では、再現的イリュージョンとは何でしょうか。「再現的イリュージョン」とは、観客の心的過程で勝手になされる補正精神のことを指します。よう分からん、詳しく(白目)
突然ですが、皆さんゲシュタルト崩壊を経験したことがありますか?1つの文字をずっと見ていると、その文字が何だか分からなくなってくるという、例のあれです。
これは、同じ文字をずっと見てると、文字の一画ばかりが見えてきて、文字全体が認識できなくなってしまうことが原因です。つまり、私たち人間は、物事を要素で捉えているのではなく、全体で捉えているということが分かります。
逆に言うと、私たちは、総合的(全体的)に物事を見る力を持っているといえます。
実はこの能力、観客が映画を見る時にも発揮されています。
そもそも映画(映像)は、静止画の連続にすぎません。てことは、本来肉眼で映画を見たら、高速で静止画が変わっていく様子が見えるはずです。しかし私たちは、映画を静止画ではなく、自然な映像として見ます。
つまり、静止画の連続(要素)を、つながった映像(全体)として認識してると言えます。つまり私たちは、肉眼そのものが見せる以上のものを、精神を通じて見ているということです。

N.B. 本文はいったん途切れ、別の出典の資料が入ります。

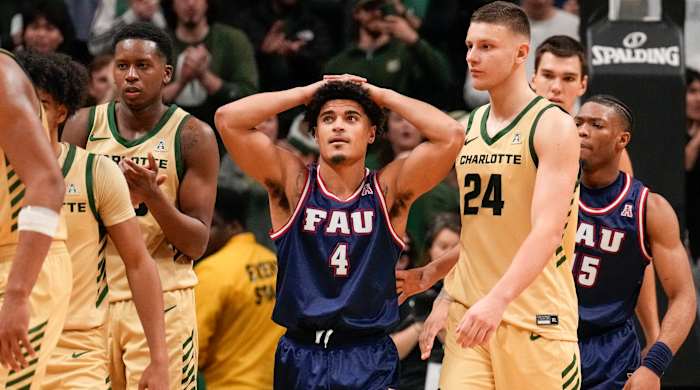 Florida Atlantic guard Bryan Greenlee, center, reacts to his foul that takes Charlotte to the line for the winning free throws.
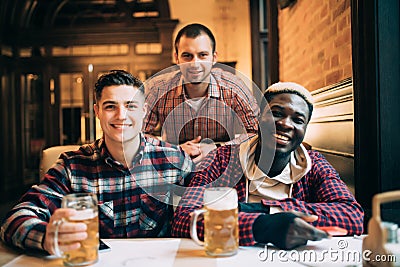 Multiracial friends group drinking and toasting beer at pub. Friendship concept with young people enjoying time together and havin Stock Photo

そしてこれこそが、「再現的イリュージョン」です!!!!!
つまり、「再現的イリュージョン」とは、観客の心的過程で勝手になされる補正精神のことを指します。このように、観客の精神を通じて補正が起こるため、人によって映画の認識が異なったりするわけですね(自信ない)
②観客の心理を使った映画の技法
①では、心理学の研究を応用することで、観客は精神活動を行い、映画を見ていることが分かりました。次に、観客の精神活動に効果的に影響を与える映画の技法について、紹介します。

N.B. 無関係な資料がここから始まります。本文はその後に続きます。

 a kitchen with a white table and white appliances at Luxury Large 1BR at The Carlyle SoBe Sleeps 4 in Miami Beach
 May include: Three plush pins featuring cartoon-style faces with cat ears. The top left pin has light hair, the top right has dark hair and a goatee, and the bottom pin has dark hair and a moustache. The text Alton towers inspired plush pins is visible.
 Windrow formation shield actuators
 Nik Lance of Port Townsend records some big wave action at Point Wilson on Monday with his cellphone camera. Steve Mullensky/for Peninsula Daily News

映画は、様々な情動を誘導できるような方法を模索してきました。人の情動を誘導する方法は、特にプロパガンダ映画を通じて、研究が進んでいきます。そして現在では、観客の感情を盛り上げたり、登場人物に共感できるようにしたり、様々な場面で応用されるようになりました。
要は、人間の心的過程を理解し、触発するような技法を使うことで、観客の思考を操作できるということです。モランの『映画あるいは創造的人間』では、同一化という技法が紹介されていました。同一化とは、観客に、自分と全く異なる他者である登場人物を同一視させること技法です。
心理学を応用して、観客の「再現的イリュージョン」が明らかになったことで、作り手側が見せたいものを見せる技巧の研究に繫がったと言えるでしょう。
【作品分析】
以上の学習内容を踏まえて、『オリンピアー民族の祭典』はどのような作品だと言えるでしょうか。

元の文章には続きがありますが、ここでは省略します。